The problem with this perspective is that it is rooted in a static view of competition, drawn from mainstream economic models of perfect competition. This model defines competition as a market with numerous producers selling homogeneous goods, where none have any influence over price. Firms are seen as mere price takers, responding to market conditions rather than actively shaping them. In this framework, barriers to entry are assumed to only raise prices—either by reducing supply or increasing production costs—without fundamentally altering market dynamics.
However, this is a deeply flawed understanding of competition because it assumes perfect information—that all market participants already possess complete knowledge of prices, products, and opportunities. By assuming that all relevant knowledge is already known, this framework eliminates the very need for entrepreneurial discovery—the process through which individuals notice and act on gaps in the market, introducing innovations that drive progress………

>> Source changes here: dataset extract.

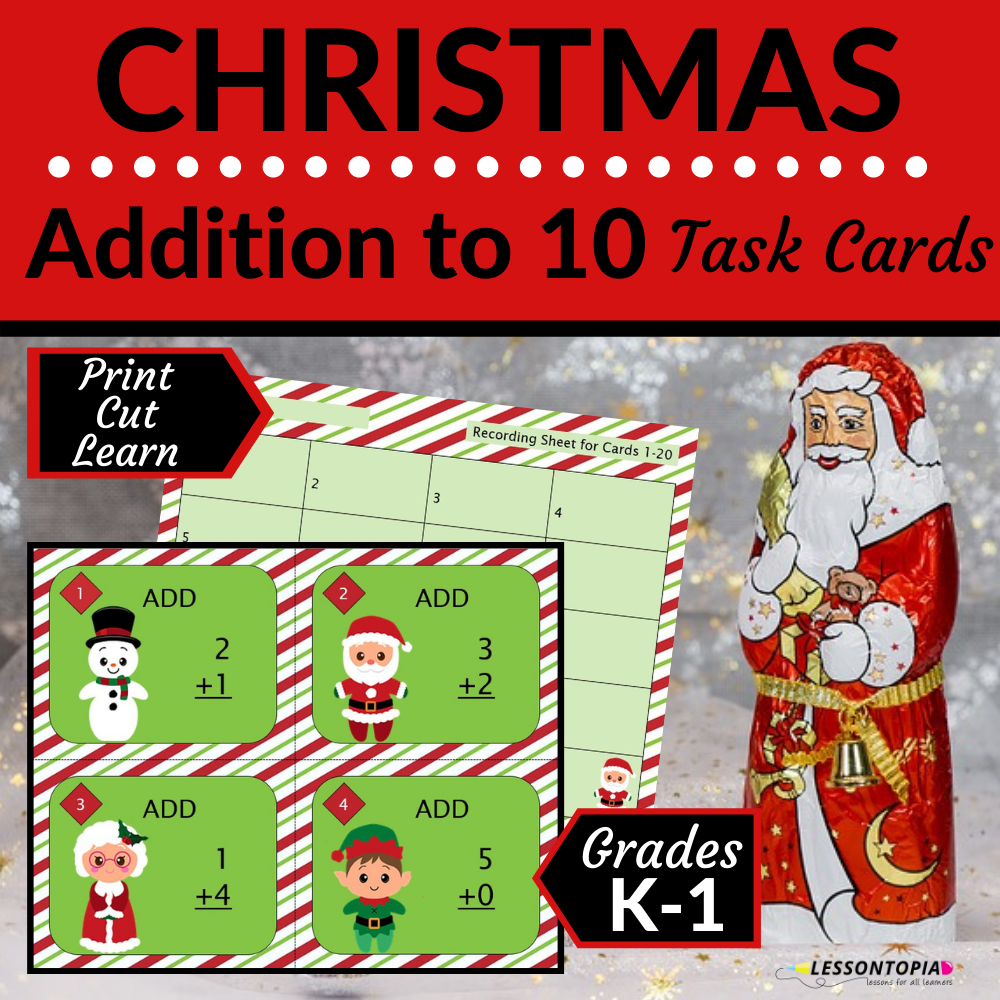 Addition to 10 | Task Cards | Christmas's featured image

Tariffs, in this sense, are domestic sanctions—self-imposed barriers that block the flow of knowledge, stifle entrepreneurship, and sabotage economic progress. They stem from the same autarkic mindset that has kept Iran economically stagnant despite its natural wealth.

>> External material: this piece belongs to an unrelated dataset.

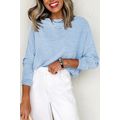 Beau Blue Solid Color Batwing Long Sleeve Top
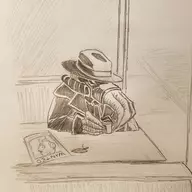 abe cup hat oddworld oddworld_abe's_oddysee poster sitting slig traditional_medium trench_coat // 2160x2160 // 1.4MB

If we fully understand the significance of the entrepreneurial function, we will realize that suppressing it is a tragedy which means gaps will remain unnoticed and needs will remain unmet. Every restriction on trade and competition is a restriction on the human process of discovery—the process that has lifted societies out of poverty and created unprecedented prosperity where it was allowed to flourish.
If you get in the way of the entrepreneurs doing their price and efficiency discovery process, you partially destroy the free market and its efficiencies. So, by making the tariffs, they get in the way of the market as is the usual outcome when the state interferes with market processes. They don’t work as well or at all and all of the consumers suffer their desires not being met. I other words, the politicians and bureaucrats are saying they are the experts, you are the plebes and because we know all, you should do what we say not as we do! Technocracy at its very best, isn’t it?

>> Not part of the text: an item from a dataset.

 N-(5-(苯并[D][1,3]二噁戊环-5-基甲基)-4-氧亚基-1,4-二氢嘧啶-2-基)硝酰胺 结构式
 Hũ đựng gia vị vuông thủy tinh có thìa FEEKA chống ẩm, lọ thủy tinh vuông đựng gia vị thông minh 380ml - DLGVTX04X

I love the overall point and only an Austrian is going to make it, even though any economist will agree with it.
I do have a couple of nitpicks though:
  1. Trade models used for analyzing tariffs are not always perfect competition models. Frequently, you'll see monopolistic competition models. That doesn't change the overall point, though.
  2. I don't know how autarkic Iran would be, if left to their own devices, but the US has been imposing a high degree of autarky on them for decades, with draconian sanctions.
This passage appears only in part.